» What needs to be done
Will you write out all the entries below exactly?

*** Opening of Supplied material ***

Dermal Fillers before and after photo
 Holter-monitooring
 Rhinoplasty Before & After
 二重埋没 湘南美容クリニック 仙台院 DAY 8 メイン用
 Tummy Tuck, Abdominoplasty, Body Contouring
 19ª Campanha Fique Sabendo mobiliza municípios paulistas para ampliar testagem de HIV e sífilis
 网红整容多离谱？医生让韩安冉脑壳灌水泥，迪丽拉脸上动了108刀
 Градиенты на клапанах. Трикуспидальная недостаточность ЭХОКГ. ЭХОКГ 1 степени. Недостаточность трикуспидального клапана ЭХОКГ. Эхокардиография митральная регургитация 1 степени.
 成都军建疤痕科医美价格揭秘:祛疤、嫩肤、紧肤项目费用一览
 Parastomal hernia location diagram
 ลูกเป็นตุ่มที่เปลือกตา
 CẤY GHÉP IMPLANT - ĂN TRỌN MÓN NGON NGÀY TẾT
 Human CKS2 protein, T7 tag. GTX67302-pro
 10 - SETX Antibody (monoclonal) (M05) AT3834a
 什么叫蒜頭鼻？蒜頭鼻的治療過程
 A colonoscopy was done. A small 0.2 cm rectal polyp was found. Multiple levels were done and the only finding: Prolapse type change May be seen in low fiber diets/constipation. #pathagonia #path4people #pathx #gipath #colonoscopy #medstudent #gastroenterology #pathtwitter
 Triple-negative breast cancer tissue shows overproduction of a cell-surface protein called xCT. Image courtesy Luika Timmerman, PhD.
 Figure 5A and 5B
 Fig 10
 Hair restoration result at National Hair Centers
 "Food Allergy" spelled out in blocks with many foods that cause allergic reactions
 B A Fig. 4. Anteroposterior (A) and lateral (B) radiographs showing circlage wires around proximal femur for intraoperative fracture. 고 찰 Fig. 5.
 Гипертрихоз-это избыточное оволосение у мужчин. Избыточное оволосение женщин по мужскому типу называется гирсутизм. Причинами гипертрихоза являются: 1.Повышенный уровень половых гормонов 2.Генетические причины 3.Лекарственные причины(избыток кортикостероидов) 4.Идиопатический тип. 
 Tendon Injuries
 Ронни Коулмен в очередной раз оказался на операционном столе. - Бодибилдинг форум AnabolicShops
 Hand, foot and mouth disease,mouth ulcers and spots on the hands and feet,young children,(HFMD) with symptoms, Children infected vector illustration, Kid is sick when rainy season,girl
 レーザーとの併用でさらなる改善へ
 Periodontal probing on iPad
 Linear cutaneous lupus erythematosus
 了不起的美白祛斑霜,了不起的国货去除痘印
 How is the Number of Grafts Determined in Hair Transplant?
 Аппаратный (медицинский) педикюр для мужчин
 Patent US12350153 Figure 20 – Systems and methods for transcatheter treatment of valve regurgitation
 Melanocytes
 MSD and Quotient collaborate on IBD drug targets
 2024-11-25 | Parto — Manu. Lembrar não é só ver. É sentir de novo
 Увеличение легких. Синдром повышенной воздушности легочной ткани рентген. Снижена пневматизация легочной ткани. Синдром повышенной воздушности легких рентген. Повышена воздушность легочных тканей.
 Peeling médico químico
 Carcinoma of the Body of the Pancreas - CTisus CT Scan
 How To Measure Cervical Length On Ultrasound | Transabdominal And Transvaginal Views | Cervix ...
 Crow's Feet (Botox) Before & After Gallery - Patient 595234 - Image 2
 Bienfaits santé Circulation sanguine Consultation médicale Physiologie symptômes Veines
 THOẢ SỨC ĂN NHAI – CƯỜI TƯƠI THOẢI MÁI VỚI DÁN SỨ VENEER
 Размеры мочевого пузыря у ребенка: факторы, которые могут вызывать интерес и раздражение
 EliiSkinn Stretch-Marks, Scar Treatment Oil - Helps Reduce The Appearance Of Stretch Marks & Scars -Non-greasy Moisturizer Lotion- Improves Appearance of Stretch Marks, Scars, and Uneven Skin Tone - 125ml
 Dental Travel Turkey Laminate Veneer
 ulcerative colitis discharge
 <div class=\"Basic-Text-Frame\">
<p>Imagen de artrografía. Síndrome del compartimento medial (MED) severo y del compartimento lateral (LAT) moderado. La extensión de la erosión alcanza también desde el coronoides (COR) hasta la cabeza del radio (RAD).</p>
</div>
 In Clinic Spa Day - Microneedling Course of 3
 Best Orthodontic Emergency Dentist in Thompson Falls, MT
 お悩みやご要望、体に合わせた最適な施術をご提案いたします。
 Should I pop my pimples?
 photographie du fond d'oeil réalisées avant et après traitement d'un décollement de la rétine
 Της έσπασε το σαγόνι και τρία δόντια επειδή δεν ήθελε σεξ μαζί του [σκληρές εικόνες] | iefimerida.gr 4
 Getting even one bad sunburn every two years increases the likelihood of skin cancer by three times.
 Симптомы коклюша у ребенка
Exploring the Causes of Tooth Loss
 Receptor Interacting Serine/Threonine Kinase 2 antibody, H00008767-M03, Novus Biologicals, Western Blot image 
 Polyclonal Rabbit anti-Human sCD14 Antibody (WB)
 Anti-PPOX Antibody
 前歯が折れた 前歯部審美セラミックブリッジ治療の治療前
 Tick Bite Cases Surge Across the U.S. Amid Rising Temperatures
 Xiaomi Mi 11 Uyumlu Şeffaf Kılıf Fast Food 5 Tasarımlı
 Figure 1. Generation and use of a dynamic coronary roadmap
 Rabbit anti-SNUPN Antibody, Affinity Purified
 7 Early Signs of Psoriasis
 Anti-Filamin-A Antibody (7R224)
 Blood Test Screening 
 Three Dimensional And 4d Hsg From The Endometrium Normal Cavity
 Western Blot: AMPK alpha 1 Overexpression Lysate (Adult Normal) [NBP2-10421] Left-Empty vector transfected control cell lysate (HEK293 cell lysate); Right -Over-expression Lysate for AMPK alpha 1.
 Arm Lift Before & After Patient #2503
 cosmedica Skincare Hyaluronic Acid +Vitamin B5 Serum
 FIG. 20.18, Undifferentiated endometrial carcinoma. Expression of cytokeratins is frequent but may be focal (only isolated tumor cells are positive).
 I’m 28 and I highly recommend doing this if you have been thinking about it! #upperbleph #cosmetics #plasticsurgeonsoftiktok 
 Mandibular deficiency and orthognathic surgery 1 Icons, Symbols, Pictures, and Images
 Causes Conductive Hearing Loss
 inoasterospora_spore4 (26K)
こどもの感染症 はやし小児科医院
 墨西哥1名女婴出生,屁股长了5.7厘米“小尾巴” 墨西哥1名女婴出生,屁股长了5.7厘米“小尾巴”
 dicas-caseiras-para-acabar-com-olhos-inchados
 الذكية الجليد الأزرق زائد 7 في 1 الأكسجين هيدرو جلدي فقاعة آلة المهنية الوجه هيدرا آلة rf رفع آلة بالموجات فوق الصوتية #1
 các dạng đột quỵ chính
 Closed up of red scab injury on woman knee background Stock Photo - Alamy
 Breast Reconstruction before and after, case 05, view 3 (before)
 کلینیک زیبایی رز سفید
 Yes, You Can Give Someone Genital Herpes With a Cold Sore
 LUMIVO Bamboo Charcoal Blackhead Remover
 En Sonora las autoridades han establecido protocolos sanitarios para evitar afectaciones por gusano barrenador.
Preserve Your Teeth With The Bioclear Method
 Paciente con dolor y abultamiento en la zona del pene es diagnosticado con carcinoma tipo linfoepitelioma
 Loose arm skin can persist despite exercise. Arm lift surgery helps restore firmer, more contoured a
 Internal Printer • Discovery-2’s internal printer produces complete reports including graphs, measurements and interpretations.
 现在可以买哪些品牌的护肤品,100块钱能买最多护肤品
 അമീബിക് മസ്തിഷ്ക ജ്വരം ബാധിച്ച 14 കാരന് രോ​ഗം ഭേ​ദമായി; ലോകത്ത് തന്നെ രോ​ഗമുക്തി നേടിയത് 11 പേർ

*** Close of Supplied material ***

» Exercise result
Dermal Fillers before and after photo
 Holter-monitooring
 Rhinoplasty Before & After
 二重埋没 湘南美容クリニック 仙台院 DAY 8 メイン用
 Tummy Tuck, Abdominoplasty, Body Contouring
 19ª Campanha Fique Sabendo mobiliza municípios paulistas para ampliar testagem de HIV e sífilis
 网红整容多离谱？医生让韩安冉脑壳灌水泥，迪丽拉脸上动了108刀
 Градиенты на клапанах. Трикуспидальная недостаточность ЭХОКГ. ЭХОКГ 1 степени. Недостаточность трикуспидального клапана ЭХОКГ. Эхокардиография митральная регургитация 1 степени.
 成都军建疤痕科医美价格揭秘:祛疤、嫩肤、紧肤项目费用一览
 Parastomal hernia location diagram
 ลูกเป็นตุ่มที่เปลือกตา
 CẤY GHÉP IMPLANT - ĂN TRỌN MÓN NGON NGÀY TẾT
 Human CKS2 protein, T7 tag. GTX67302-pro
 10 - SETX Antibody (monoclonal) (M05) AT3834a
 什么叫蒜頭鼻？蒜頭鼻的治療過程
 A colonoscopy was done. A small 0.2 cm rectal polyp was found. Multiple levels were done and the only finding: Prolapse type change May be seen in low fiber diets/constipation. #pathagonia #path4people #pathx #gipath #colonoscopy #medstudent #gastroenterology #pathtwitter
 Triple-negative breast cancer tissue shows overproduction of a cell-surface protein called xCT. Image courtesy Luika Timmerman, PhD.
 Figure 5A and 5B
 Fig 10
 Hair restoration result at National Hair Centers
 "Food Allergy" spelled out in blocks with many foods that cause allergic reactions
 B A Fig. 4. Anteroposterior (A) and lateral (B) radiographs showing circlage wires around proximal femur for intraoperative fracture. 고 찰 Fig. 5.
 Гипертрихоз-это избыточное оволосение у мужчин. Избыточное оволосение женщин по мужскому типу называется гирсутизм. Причинами гипертрихоза являются: 1.Повышенный уровень половых гормонов 2.Генетические причины 3.Лекарственные причины(избыток кортикостероидов) 4.Идиопатический тип. 
 Tendon Injuries
 Ронни Коулмен в очередной раз оказался на операционном столе. - Бодибилдинг форум AnabolicShops
 Hand, foot and mouth disease,mouth ulcers and spots on the hands and feet,young children,(HFMD) with symptoms, Children infected vector illustration, Kid is sick when rainy season,girl
 レーザーとの併用でさらなる改善へ
 Periodontal probing on iPad
 Linear cutaneous lupus erythematosus
 了不起的美白祛斑霜,了不起的国货去除痘印
 How is the Number of Grafts Determined in Hair Transplant?
 Аппаратный (медицинский) педикюр для мужчин
 Patent US12350153 Figure 20 – Systems and methods for transcatheter treatment of valve regurgitation
 Melanocytes
 MSD and Quotient collaborate on IBD drug targets
 2024-11-25 | Parto — Manu. Lembrar não é só ver. É sentir de novo
 Увеличение легких. Синдром повышенной воздушности легочной ткани рентген. Снижена пневматизация легочной ткани. Синдром повышенной воздушности легких рентген. Повышена воздушность легочных тканей.
 Peeling médico químico
 Carcinoma of the Body of the Pancreas - CTisus CT Scan
 How To Measure Cervical Length On Ultrasound | Transabdominal And Transvaginal Views | Cervix ...
 Crow's Feet (Botox) Before & After Gallery - Patient 595234 - Image 2
 Bienfaits santé Circulation sanguine Consultation médicale Physiologie symptômes Veines
 THOẢ SỨC ĂN NHAI – CƯỜI TƯƠI THOẢI MÁI VỚI DÁN SỨ VENEER
 Размеры мочевого пузыря у ребенка: факторы, которые могут вызывать интерес и раздражение
 EliiSkinn Stretch-Marks, Scar Treatment Oil - Helps Reduce The Appearance Of Stretch Marks & Scars -Non-greasy Moisturizer Lotion- Improves Appearance of Stretch Marks, Scars, and Uneven Skin Tone - 125ml
 Dental Travel Turkey Laminate Veneer
 ulcerative colitis discharge
 <div class=\"Basic-Text-Frame\">
<p>Imagen de artrografía. Síndrome del compartimento medial (MED) severo y del compartimento lateral (LAT) moderado. La extensión de la erosión alcanza también desde el coronoides (COR) hasta la cabeza del radio (RAD).</p>
</div>
 In Clinic Spa Day - Microneedling Course of 3
 Best Orthodontic Emergency Dentist in Thompson Falls, MT
 お悩みやご要望、体に合わせた最適な施術をご提案いたします。
 Should I pop my pimples?
 photographie du fond d'oeil réalisées avant et après traitement d'un décollement de la rétine
 Της έσπασε το σαγόνι και τρία δόντια επειδή δεν ήθελε σεξ μαζί του [σκληρές εικόνες] | iefimerida.gr 4
 Getting even one bad sunburn every two years increases the likelihood of skin cancer by three times.
 Симптомы коклюша у ребенка
Exploring the Causes of Tooth Loss
 Receptor Interacting Serine/Threonine Kinase 2 antibody, H00008767-M03, Novus Biologicals, Western Blot image 
 Polyclonal Rabbit anti-Human sCD14 Antibody (WB)
 Anti-PPOX Antibody
 前歯が折れた 前歯部審美セラミックブリッジ治療の治療前
 Tick Bite Cases Surge Across the U.S. Amid Rising Temperatures
 Xiaomi Mi 11 Uyumlu Şeffaf Kılıf Fast Food 5 Tasarımlı
 Figure 1. Generation and use of a dynamic coronary roadmap
 Rabbit anti-SNUPN Antibody, Affinity Purified
 7 Early Signs of Psoriasis
 Anti-Filamin-A Antibody (7R224)
 Blood Test Screening 
 Three Dimensional And 4d Hsg From The Endometrium Normal Cavity
 Western Blot: AMPK alpha 1 Overexpression Lysate (Adult Normal) [NBP2-10421] Left-Empty vector transfected control cell lysate (HEK293 cell lysate); Right -Over-expression Lysate for AMPK alpha 1.
 Arm Lift Before & After Patient #2503
 cosmedica Skincare Hyaluronic Acid +Vitamin B5 Serum
 FIG. 20.18, Undifferentiated endometrial carcinoma. Expression of cytokeratins is frequent but may be focal (only isolated tumor cells are positive).
 I’m 28 and I highly recommend doing this if you have been thinking about it! #upperbleph #cosmetics #plasticsurgeonsoftiktok 
 Mandibular deficiency and orthognathic surgery 1 Icons, Symbols, Pictures, and Images
 Causes Conductive Hearing Loss
 inoasterospora_spore4 (26K)
こどもの感染症 はやし小児科医院
 墨西哥1名女婴出生,屁股长了5.7厘米“小尾巴” 墨西哥1名女婴出生,屁股长了5.7厘米“小尾巴”
 dicas-caseiras-para-acabar-com-olhos-inchados
 الذكية الجليد الأزرق زائد 7 في 1 الأكسجين هيدرو جلدي فقاعة آلة المهنية الوجه هيدرا آلة rf رفع آلة بالموجات فوق الصوتية #1
 các dạng đột quỵ chính
 Closed up of red scab injury on woman knee background Stock Photo - Alamy
 Breast Reconstruction before and after, case 05, view 3 (before)
 کلینیک زیبایی رز سفید
 Yes, You Can Give Someone Genital Herpes With a Cold Sore
 LUMIVO Bamboo Charcoal Blackhead Remover
 En Sonora las autoridades han establecido protocolos sanitarios para evitar afectaciones por gusano barrenador.
Preserve Your Teeth With The Bioclear Method
 Paciente con dolor y abultamiento en la zona del pene es diagnosticado con carcinoma tipo linfoepitelioma
 Loose arm skin can persist despite exercise. Arm lift surgery helps restore firmer, more contoured a
 Internal Printer • Discovery-2’s internal printer produces complete reports including graphs, measurements and interpretations.
 现在可以买哪些品牌的护肤品,100块钱能买最多护肤品
 അമീബിക് മസ്തിഷ്ക ജ്വരം ബാധിച്ച 14 കാരന് രോ​ഗം ഭേ​ദമായി; ലോകത്ത് തന്നെ രോ​ഗമുക്തി നേടിയത് 11 പേർ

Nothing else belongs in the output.